If you can afford it, this is possibly the best (and easiest) way to spend your time in San Francisco. Living in this city is not cheap and neither are some of the most delicious restaurants. The following all cost a fortune, so when you get there the best thing to do is sit back with your glass of Champagne and lap up the indulgence. Quince (Map 8) is the best of the best. You'll have to call at least a month ahead to get a reservation, but the experience is well worth the wait. Spruce (Map 22), Fleur de Lys (Map 7), COI (Map 4), Campton Place (Map 7), Boulevard (Map 8), La Folie (Map 3), and The Slanted Door (Map 8) are just a handful of other spots where you can empty your bank account, fill your belly, and enjoy every minute of it. Happy eating!

Eating Small
While few wallets stretch as far as the fanciest restaurants, most folk can afford an egg custard tart. That's why we've gone small, for specialty dishes like the famous tarts at Golden Gate Bakery (Map 8), or the fried chicken sandwich at Bakesale Betty (North Oakland/Emeryville). Think of these as urban orienteering, as foodies map their way around the city bite by bite: breakfast beignets from Just For You Café (Map 17), tamales from the Tamale Lady at Zeitgeist (Map 11), or banana cream pie at Mission Pie (Map 15). Whatever your tastes, San Francisco has something tasty awaiting you—from crab salad at Swan Oyster Depot (Map 7)to cream puffs at Beard Papa (Map 7) to, uh, crab puffs at Thanh Long (Map 23). Continue the culinary treasure hunt across the Oakland Bay Bridge with the huge bhatura cholle breads at Vik's Chaat (Berkeley West) and lemon icebox pie at Lois the Pie Queen (North Oakland/Emeryville).

Eating By the Bay
Surrounded by sea on three sides, San Francisco is a wonderful place for waterfront dining. Start out west with a view of the Pacific at Cliff House (Map 18) or swap silverware for sandwiches at nearby Louis' (Map 18), where the outlook is higher but the prices are lower. Go east for Golden Gate snapshots and vegetarian fare at Greens (Map 2) or order crab fresh off the boat at Scoma's (Map 3), one of Fisherman's Wharf's better options. The Ferry Building is a food mecca—especially with its farmers market on Saturday—try haute Vietnamese at The Slanted Door (Map 8) or rotisserie sandwiches at Cane Rosso (Map 8). Farther down the Embarcadero, in the shadow of the Bay Bridge, kick back with chili cheese fries and burgers at Red's Java House (Map 8) or super-fresh seafood at Waterbar (Map 8). Past the ballpark to the south, The Ramp (Map 13) offers beer, brunch and burgers just a stone's throw from the shipyards. Elsewhere around the Bay, there are options aplenty, from Fish. in Sausalito to Sam's Anchor Café in Tiburon, a popular joint where the seafood is secondary to the skyline view across the water.



On Our Radar:

Posted By:  Carolyne Rohrig
Photo:  Carolyne Rohrig

NOPA
Nopa's Custard French Toast is so spectacular you'll want to skip the main course and go straight for that. A full order is plenty for two people, or just you if you don't want to share. Believe me you won't. It comes bathed in warm butter, grilled kumquat slices and drizzled with warm syrup with a hint of orange. Other items on the brunch menu include the wood grilled garlic sausage, slow cooked pork, and the grass fed burger. The cocktails are gems. And they serve Blue Bottle Coffee. Nopa is a palate explosion on Divisadero.

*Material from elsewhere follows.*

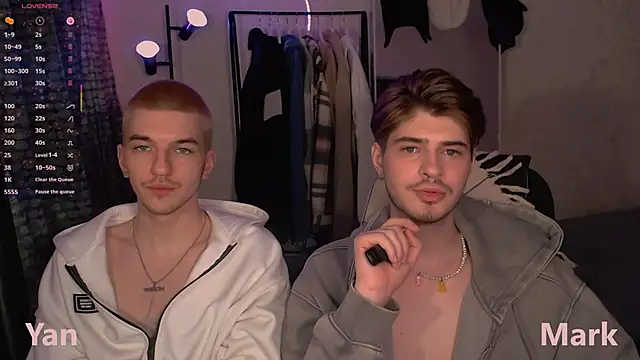 itsyanbb online show from November 14, 2025, 3:48 pm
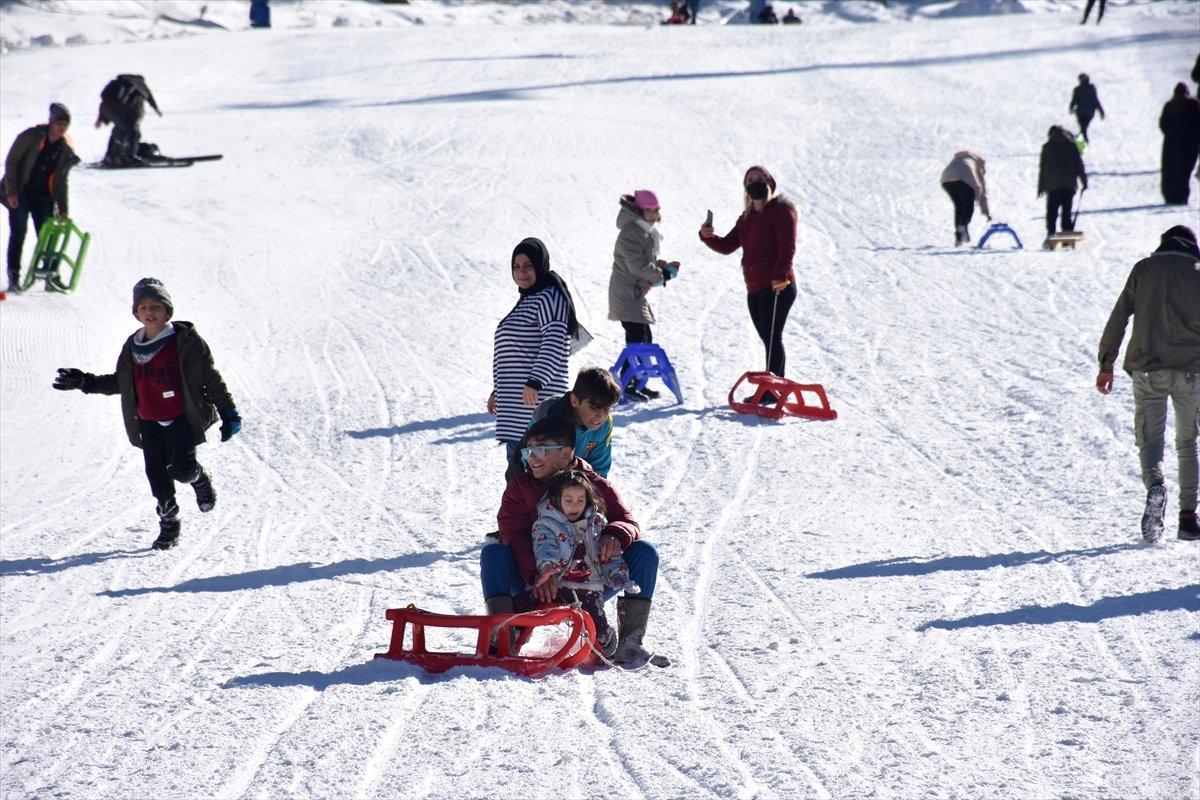 Palandöken'de kayak keyfi başladı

Posted By:  Carolyne Rohrig
Photo:  Carolyne Rohrig

Absinthe
Before you go to the opera and the ballet have a bite at Absinthe. The Croque Monsieur is a toasty delight filled with Black Forest ham, Gruyere, Dijon mustard, and bechamel. The Cheddar grilled cheese is not your mother's recipe, but is filled with pickled red onion, jalapeno-sun-dried tomato jam, and go ahead, add bacon for that extra zing. The cocktails are delicious. The decor is tres French. And you'll be off to an amazing start before the show.



Posted By:  Carolyne Rohrig
Photo:  Carolyne Rohrig

Tout Sweet
Tout Sweet San Francisco is a feast for the eyes as well as your palate. As soon as you come into the store you feel like you're in France. The clean, colorful, modern California design of the store showcases the many mouth-watering delights. French macarons, petit gateaux (small cakes), verrines (layered parfaits), tarts, cookies, and other stunning desserts beckon you from the display case. Made with the freshest ingredients from the farmer's market, Yigit Pura, the designer-chef, finds his joy in his inspired flavor combinations that make your mouth sing. Come in and taste the Tesla or a Jessica macaron. Then pick up some extra for family and friends. That is if you don't eat them before you get home.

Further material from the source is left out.